Agnico Eagle OK’d to bring back Nunavut workers
Mining company’s territorial workers have been paid to stay home for past 15 months
The Government of Nunavut has given Agnico Eagle Mines Ltd. the green light to allow workers from the Kivalliq to return the company’s mine Meliadine and Meadowbank sites.
Cate Macleod, press secretary for Joe Savikataaq, made the announcement during a COVID-19 news conference Monday.
It’s been 15 months since Nunavummiut were sent home from Agnico Eagle’s mines to keep communities in the territory safe from COVID-19.
The company has spent more than US$18 million supporting approximately 450 Nunavut employees, who have received 75 per cent of their salaries since they were sent home in March 2020, said company spokesperson Carl Charest in an email to Nunatsiaq News.
“This is a very important milestone for us as we are proud to be, for now, the only mining company authorized to bring back our Nunavummiut workforce,” Charest wrote.
The company will begin contacting employees this week, and they may return to work as early as the end of next week, Charest said, adding that all Nunavut employees will hear from the company within three weeks.

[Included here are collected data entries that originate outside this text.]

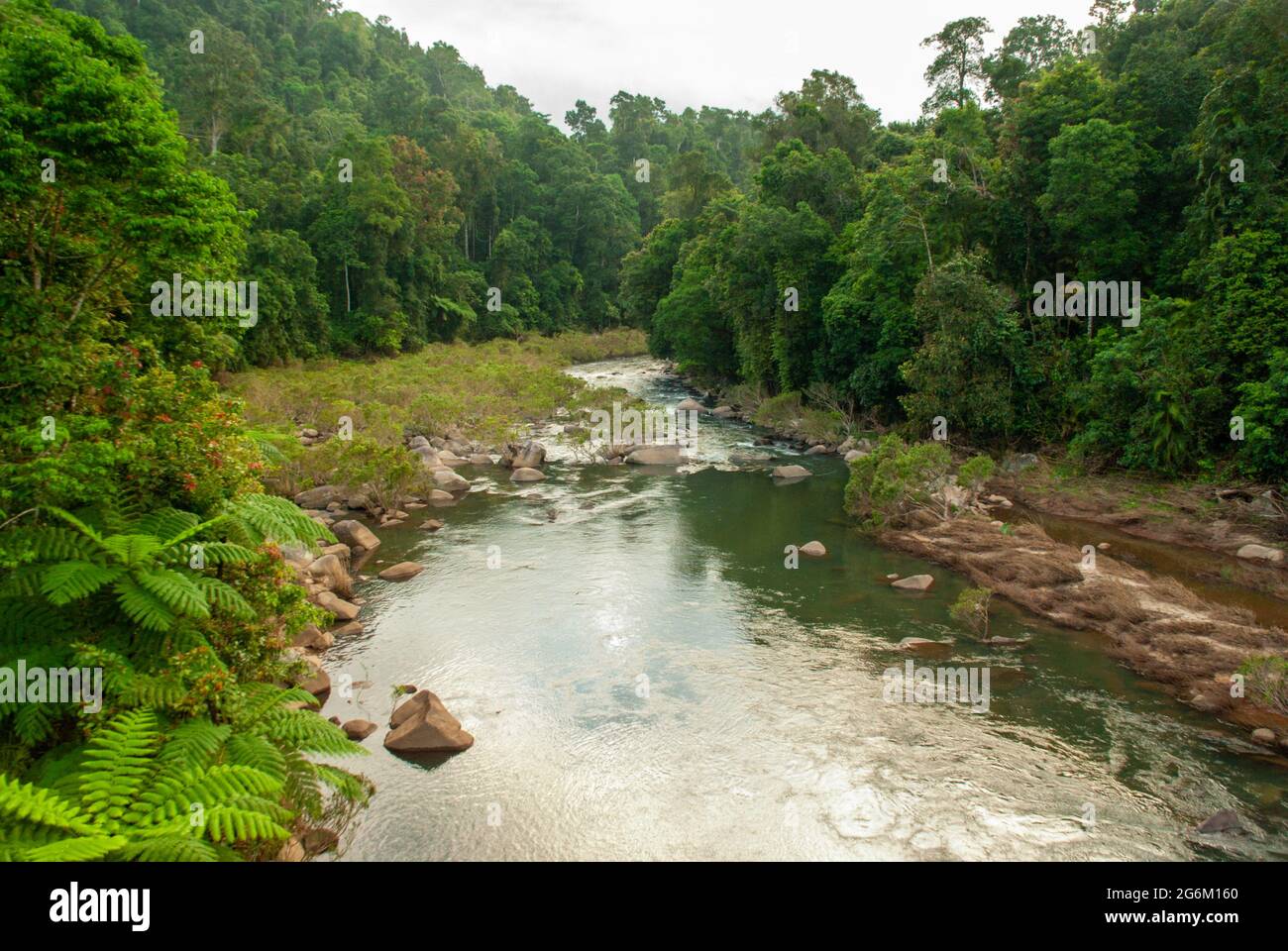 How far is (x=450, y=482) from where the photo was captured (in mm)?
25062

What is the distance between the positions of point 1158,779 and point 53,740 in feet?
40.4

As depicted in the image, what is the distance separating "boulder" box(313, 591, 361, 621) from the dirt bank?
491 inches

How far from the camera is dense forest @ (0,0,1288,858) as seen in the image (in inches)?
288

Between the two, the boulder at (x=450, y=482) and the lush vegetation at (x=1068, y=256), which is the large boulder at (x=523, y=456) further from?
the lush vegetation at (x=1068, y=256)

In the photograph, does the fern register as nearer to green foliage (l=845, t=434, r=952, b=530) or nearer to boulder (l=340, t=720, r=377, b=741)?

Once an employee’s return is confirmed, they will travel back to either site — Meliadine or Meadowbank — within a week to 10 days at the earliest, he said.
The company currently has no plans to have Nunavut workers return to its recently acquired Hope Bay mine.

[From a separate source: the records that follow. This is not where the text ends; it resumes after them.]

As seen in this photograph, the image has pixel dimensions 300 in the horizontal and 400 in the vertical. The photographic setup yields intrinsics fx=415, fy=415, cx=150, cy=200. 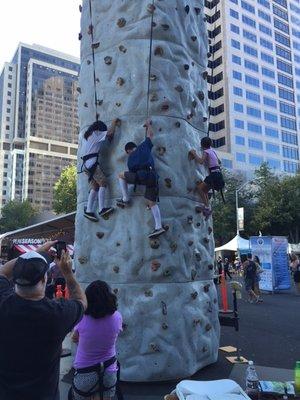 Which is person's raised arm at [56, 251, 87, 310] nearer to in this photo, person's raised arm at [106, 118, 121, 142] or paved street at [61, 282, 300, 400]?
paved street at [61, 282, 300, 400]

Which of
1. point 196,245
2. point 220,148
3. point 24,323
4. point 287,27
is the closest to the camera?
point 24,323

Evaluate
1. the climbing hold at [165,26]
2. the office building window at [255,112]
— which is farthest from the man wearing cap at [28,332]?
the office building window at [255,112]

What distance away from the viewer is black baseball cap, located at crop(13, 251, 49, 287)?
268cm

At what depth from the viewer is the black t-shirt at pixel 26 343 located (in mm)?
2691

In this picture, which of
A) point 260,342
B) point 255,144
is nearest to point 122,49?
point 260,342

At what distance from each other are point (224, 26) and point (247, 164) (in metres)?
25.9

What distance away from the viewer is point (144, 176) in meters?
6.86

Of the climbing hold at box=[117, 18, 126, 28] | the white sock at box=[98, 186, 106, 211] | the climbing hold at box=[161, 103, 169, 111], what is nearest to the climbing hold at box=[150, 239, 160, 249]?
the white sock at box=[98, 186, 106, 211]

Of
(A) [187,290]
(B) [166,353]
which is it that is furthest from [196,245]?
(B) [166,353]

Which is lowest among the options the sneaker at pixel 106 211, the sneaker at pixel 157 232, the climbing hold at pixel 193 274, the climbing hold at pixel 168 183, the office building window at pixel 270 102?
the climbing hold at pixel 193 274

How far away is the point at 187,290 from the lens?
7.26 m

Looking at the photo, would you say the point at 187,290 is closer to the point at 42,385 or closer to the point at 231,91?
the point at 42,385

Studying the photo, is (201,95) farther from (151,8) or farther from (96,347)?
(96,347)

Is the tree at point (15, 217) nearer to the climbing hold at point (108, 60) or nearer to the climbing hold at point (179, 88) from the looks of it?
the climbing hold at point (108, 60) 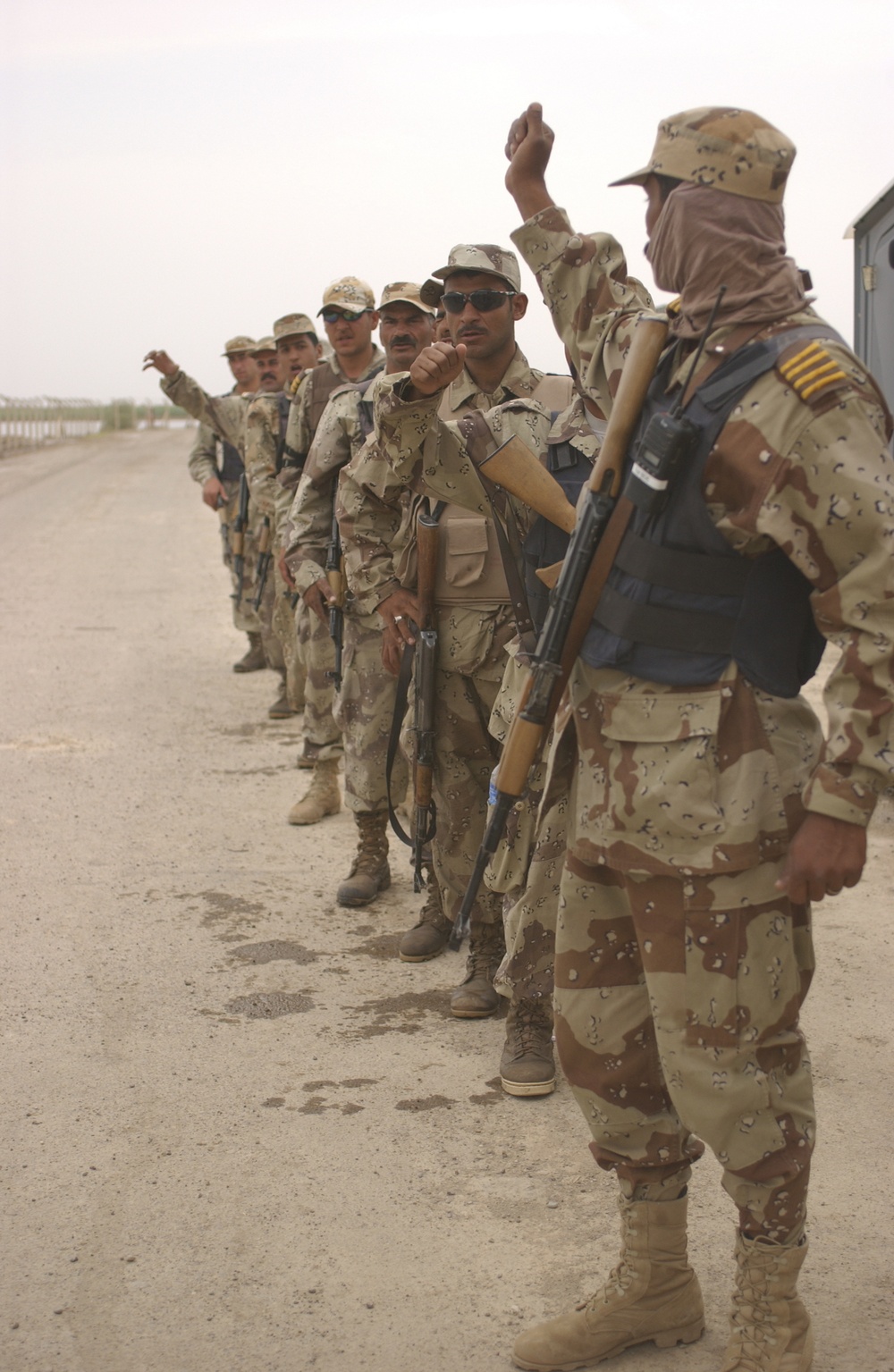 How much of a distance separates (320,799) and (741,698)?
4.53 meters

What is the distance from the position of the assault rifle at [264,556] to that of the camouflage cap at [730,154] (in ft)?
22.2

Returning to work is voluntary, Charest said, and dependent on the company’s ability to train employees. He said approximately 15 employees per site will return per week.

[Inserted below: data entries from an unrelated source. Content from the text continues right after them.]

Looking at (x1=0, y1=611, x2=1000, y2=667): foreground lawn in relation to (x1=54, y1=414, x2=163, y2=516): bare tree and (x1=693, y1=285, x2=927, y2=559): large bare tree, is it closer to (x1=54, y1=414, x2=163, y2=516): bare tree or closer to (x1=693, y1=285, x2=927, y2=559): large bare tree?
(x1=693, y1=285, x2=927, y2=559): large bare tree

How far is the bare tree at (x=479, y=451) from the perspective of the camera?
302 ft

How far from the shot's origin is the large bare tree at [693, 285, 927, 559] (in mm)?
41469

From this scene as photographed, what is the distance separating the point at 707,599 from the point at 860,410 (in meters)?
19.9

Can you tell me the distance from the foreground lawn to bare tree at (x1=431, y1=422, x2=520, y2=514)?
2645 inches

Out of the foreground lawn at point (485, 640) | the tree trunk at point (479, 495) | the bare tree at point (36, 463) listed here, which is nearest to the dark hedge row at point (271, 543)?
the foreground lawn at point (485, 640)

The training will incorporate a welcome speech by a manager, a COVID-19 briefing, health and safety training for new procedures and on-the-job training.
But before anyone is contacted, Charest said there are still a few health protocols to be worked out, such as implementing a mandatory screening process for incoming miners and scheduling separate charters to transport workers to each site.
“Throughout the past year, we have built a robust process to protect our employees,” Charest said. “Those measures will continue to be enforced as we are on the verge of having our Nunavummiut colleagues join us back on site.”
This story has been updated to reflect the correct amount Agnico Eagle has spent supporting its Nunavut workers during the pandemic.